## TASK BRIEF
Filter these entries so that only lines with the word "Bedroom" remain.
= Beginning of Section =
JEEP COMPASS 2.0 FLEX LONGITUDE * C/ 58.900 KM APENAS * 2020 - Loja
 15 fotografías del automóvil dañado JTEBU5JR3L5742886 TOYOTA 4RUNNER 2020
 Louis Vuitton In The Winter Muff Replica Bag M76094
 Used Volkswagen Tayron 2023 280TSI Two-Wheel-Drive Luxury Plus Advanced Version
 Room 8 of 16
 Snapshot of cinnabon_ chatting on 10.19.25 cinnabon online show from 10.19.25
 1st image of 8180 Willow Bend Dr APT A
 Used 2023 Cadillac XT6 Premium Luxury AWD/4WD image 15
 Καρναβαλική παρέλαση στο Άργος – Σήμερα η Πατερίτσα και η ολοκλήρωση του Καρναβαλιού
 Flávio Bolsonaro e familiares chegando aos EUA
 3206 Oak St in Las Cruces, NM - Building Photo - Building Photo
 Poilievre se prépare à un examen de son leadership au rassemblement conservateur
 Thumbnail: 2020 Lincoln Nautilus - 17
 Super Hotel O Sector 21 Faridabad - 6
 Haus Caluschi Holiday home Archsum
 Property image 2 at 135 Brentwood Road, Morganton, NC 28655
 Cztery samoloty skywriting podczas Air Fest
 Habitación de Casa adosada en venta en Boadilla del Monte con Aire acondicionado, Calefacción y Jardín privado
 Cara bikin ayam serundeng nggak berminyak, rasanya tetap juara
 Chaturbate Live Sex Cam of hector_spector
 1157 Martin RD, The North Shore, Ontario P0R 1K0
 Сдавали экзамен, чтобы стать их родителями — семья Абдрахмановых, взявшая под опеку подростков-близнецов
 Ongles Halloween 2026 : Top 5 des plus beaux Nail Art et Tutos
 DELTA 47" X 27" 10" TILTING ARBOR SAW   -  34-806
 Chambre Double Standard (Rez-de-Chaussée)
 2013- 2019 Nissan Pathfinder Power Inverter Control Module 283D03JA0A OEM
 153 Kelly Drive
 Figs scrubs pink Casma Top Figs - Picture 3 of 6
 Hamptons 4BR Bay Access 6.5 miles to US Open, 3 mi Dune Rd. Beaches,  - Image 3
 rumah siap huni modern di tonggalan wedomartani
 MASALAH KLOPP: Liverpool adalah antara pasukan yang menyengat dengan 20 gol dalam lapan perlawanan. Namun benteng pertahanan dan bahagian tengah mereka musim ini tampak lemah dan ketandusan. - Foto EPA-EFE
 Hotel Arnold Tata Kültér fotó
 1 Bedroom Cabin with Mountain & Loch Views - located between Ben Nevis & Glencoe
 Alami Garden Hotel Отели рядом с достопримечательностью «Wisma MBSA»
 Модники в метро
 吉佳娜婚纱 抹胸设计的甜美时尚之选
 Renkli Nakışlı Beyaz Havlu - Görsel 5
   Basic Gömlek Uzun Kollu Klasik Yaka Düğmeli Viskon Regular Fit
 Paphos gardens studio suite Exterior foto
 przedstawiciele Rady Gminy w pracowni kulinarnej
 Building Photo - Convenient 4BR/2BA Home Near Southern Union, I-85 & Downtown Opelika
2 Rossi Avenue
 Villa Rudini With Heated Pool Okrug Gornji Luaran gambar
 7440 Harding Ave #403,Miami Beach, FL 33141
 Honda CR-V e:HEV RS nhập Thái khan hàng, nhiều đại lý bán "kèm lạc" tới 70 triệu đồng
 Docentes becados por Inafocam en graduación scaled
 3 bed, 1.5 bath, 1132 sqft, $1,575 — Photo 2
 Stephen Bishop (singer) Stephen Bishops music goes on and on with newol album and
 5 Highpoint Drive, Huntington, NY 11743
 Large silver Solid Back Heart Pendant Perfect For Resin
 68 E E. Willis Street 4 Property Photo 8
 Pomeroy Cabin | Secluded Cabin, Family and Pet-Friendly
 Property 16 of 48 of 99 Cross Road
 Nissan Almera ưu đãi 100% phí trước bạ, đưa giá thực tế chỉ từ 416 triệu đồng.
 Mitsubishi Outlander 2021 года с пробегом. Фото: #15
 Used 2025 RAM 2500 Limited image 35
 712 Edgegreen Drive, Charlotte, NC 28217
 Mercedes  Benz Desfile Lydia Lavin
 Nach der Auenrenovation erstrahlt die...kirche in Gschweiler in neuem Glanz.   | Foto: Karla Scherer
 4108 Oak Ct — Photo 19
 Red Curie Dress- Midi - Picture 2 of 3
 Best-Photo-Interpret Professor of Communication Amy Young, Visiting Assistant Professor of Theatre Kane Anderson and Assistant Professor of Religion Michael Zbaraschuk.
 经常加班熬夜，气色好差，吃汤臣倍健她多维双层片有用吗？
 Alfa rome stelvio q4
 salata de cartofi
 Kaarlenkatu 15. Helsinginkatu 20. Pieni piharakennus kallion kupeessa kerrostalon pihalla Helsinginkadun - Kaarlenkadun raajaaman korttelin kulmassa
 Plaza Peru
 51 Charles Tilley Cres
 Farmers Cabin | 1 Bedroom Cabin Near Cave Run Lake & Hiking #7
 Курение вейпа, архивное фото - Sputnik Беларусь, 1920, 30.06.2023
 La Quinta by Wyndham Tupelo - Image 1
= End of Section =
## REPLY TO THE TASK
 1 Bedroom Cabin with Mountain & Loch Views - located between Ben Nevis & Glencoe
 Farmers Cabin | 1 Bedroom Cabin Near Cave Run Lake & Hiking #7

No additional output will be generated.